Or why “The error bars overlap” is a meaningless statement.¶
In my work as an astrophysicist I have encountered quite a bit of confusion on how to quantify the level of disagreement between two or more measurements with error bars, or even more complex multi-dimensional confidence volumes. This is even more true this term when I am teaching an undergraduate lab course. Thinking a little about this myself, I realized that this is not something I have ever seen written up. At least not in any concise form. So I decided to create this little document, not only to educate others, but also to organize my own thoughts. I put an emphasis on developing the concepts and I make no attempt at rigour.
Suppose we have three measurements of the gravitational acceleration on the Earth’s surface, all with their own error bars (or measurement uncertainties, if you prefer). These are shown in the plot below and the error bars indicate their $1\sigma$ standard deviation.

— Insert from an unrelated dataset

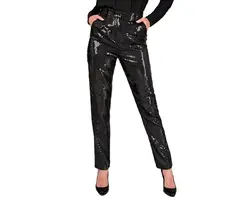 Sequin Chique Broek Zwart / Dames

For the first two of these measurements we usually say that they agree within their errors with the known true value. The third data point is at $9.89\pm0.03$. We call this a $2.7\sigma$ disagreement with the known value of $9.81\,\mathrm{m\,s}^{-2}$. This is easy to do because the true value is known so accurately that we can treat it as error free. But what about the mutual agreement between the three measurements? They all have errors. How do we decide whether they are in conflict and how significant this conflict is? Visually it is still easy for measurements 2 and 3. The data point of measurment 3 is within the upper error bar of measurement 2. We can say these two measurment agree within their errors, even though point 3 is mildly significant outlier from the canonical value of $g$.

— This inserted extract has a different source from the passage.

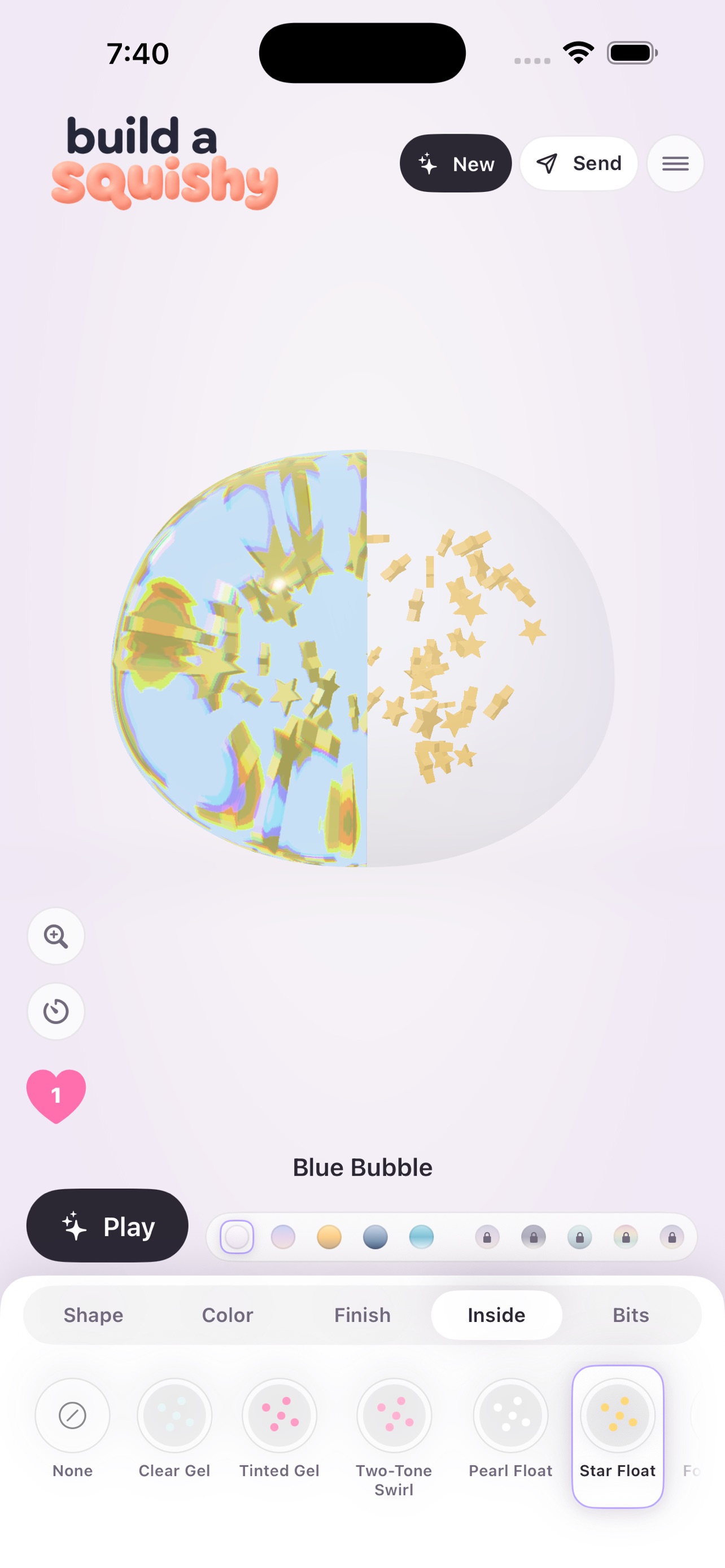 Screenshot 3 of Build A Squishy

What about measurements 1 and 2? For such cases we often find phrases like “the estimates agree with overlapping $1\sigma$ error bars” or “they agree within their $1\sigma$ error bars” in the astronomical literature. What is the first phrase supposed to mean and is the second one even correct? We use the $\sigma$ notation as a way of assigning probabilities that measurements agree, e.g., a $1\sigma$ discrepancy means that in 31.7% of all such cases the deviation is purely random, a $2\sigma$ disagreement happens randomly in only 4.5% of all cases. Statements like the ones above do not allow us to deduce such probabilities. If the $1\sigma$ error bars of two measurements overlap but mutually exclude the other value, what is the probability that these two data points actually agree or disagree?

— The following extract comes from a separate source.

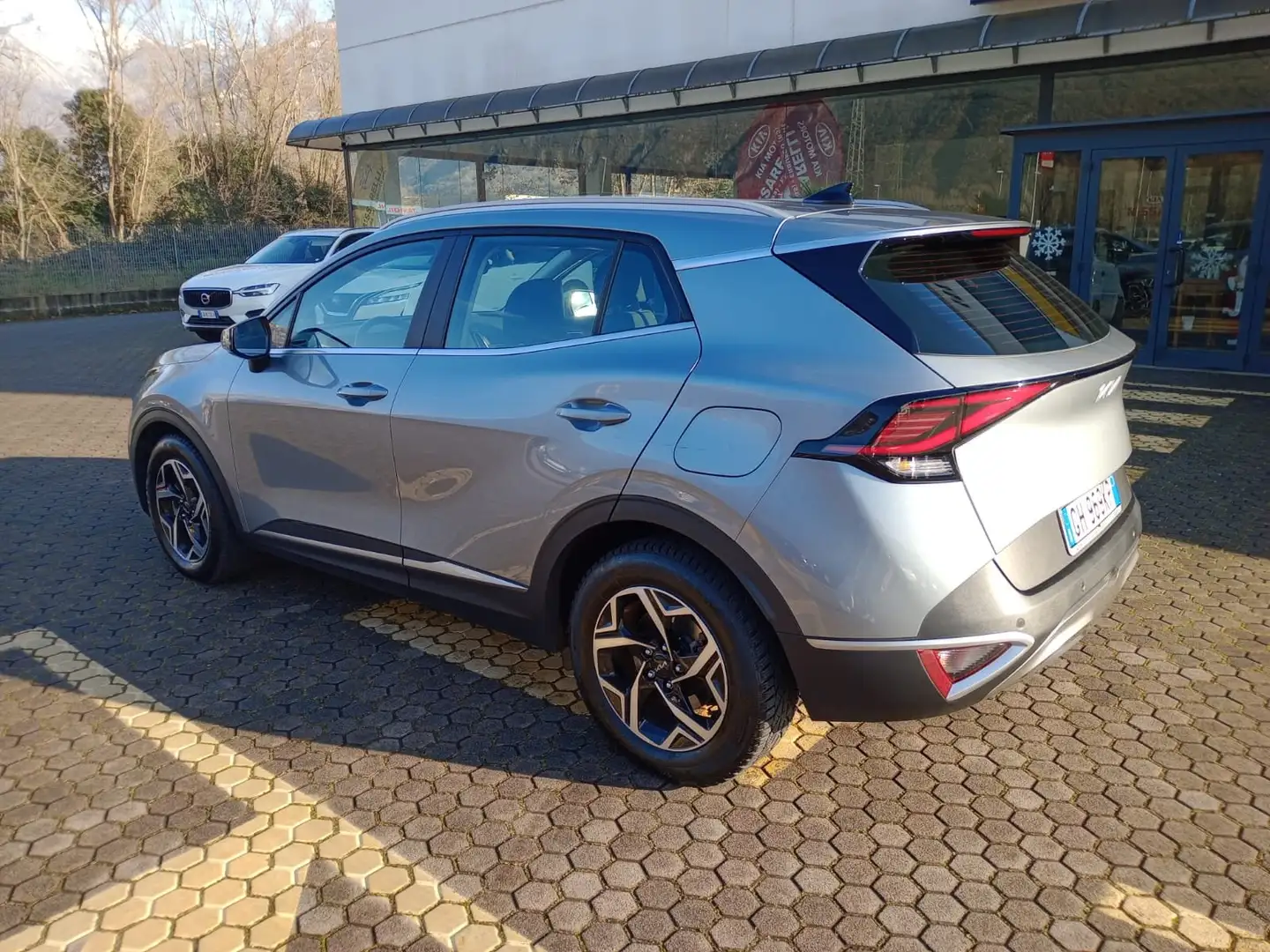 Kia Sportage Sportage 1.6 crdi mhev Business dct Grijs - 2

Deciding whether single data points with errors agree with an error free value was easy. We justed checked whether the difference between the measure and true value is smaller than the measurement uncertainty. This description already holds the key to the procedure to determine whether measurements 1 and 2 compatible. If two measurements agree their difference must be compatible with zero. So we just compute the difference of measurements 2, $\Delta_{12} = g_1 - g_2$, and check that the error bar of the difference includes zero, where here and in the following the subscripts denote the measurement number.
What is the error bar of the difference $\Delta$? Simple, we just use propagation of uncertainties: $$ \sigma_{\Delta_{12}}^2 = \sigma_1^2 \left(\frac{\partial \Delta}{\partial g_1}\right)^2 + \sigma_2^2 \left(\frac{\partial \Delta}{\partial g_2}\right)^2 + 2 \sigma_{12}^2 \frac{\partial \Delta}{\partial g_1} \frac{\partial \Delta}{\partial g_2} $$ The last term in the sum may be unfamiliar and many introductory texts simply omit it. It takes into account possible correlations between measurements 1 and 2. For now we simply assume that $\sigma_{12}$ is zero. Then we have $$ \sigma_{\Delta_{12}} = \sqrt{\sigma_1^2 + \sigma_2^2}\;. $$
The results for our measurements are $\Delta_{12} = (-0.11 \pm 0.09)\,\mathrm{m\,s^{-2}}$, $\Delta_{13} = (-0.14 \pm 0.08)\,\mathrm{m\,s^{-2}}$, and $\Delta_{23} = (-0.03 \pm 0.07)\,\mathrm{m\,s^{-2}}$, or in graphical form:
As expected we find that measurements 2 and 3 agree. After all, one point is contained within the error bar of another. Also as expected we see that measurements 1 and 3 are incompatible at the $1\sigma$ level. Their error bars do not even overlap. Now the interesting case, the difference between data points 1 and 2 also shows a disagreement at the $1\sigma$ level. This is the case were the error bars overlap but the data points are mutually outside each other’s uncertainty. Can we conclude now that in such cases a significant disagreement exists between data points?
Unfortunately not. Consider another data point in our experiment:
Again the error bars of points 1 and 4 overlap without containing each others’ central value. Yet the $1\sigma$ error bar of the difference includes zero, $\Delta_{14} = (-0.10 \pm 0.11)\,\mathrm{m\,s^{-2}}$:
What we learn from this is that a statement a la “the error bars overlap” does not allow us to judge at what two measurements agree or disagree. In a setting in which we often have formal requirements on what we call significant and what not, such statements are thus not helpful and it would be better to retire them in favor of more quantitative expressions.